*** Data for the task ***

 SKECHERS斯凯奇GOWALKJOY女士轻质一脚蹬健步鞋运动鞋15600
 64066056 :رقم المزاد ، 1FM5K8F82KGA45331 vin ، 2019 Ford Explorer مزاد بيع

*** End of Data for the task ***
*** Data for the task ***

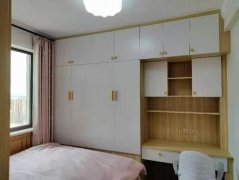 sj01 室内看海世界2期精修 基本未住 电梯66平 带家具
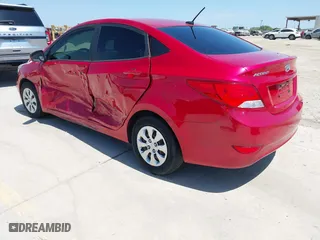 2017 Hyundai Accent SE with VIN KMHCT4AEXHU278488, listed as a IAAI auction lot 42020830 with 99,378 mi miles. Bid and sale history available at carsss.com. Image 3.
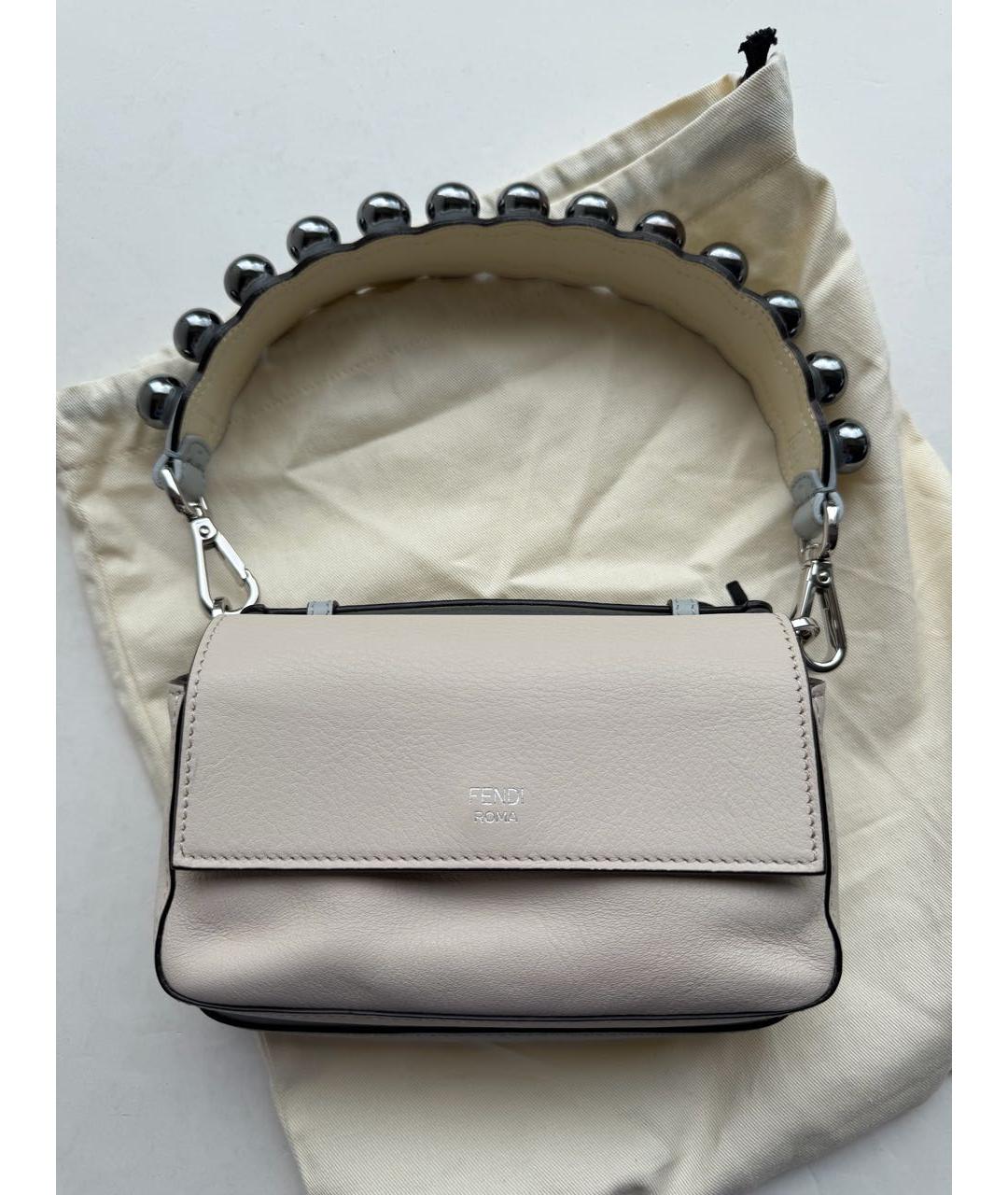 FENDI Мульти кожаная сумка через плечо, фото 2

*** End of Data for the task ***
*** Data for the task ***

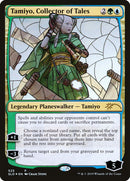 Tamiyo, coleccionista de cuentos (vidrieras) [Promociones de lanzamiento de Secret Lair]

*** End of Data for the task ***

### Brief
Reprint exactly the lines above that start at the one with "SKECHERS斯凯奇GOWALKJOY女士轻质一脚蹬健步鞋运动鞋15600" and end at the one with "64066056 :رقم المزاد", keeping both and adding none.

### Completed task
 SKECHERS斯凯奇GOWALKJOY女士轻质一脚蹬健步鞋运动鞋15600
 64066056 :رقم المزاد ، 1FM5K8F82KGA45331 vin ، 2019 Ford Explorer مزاد بيع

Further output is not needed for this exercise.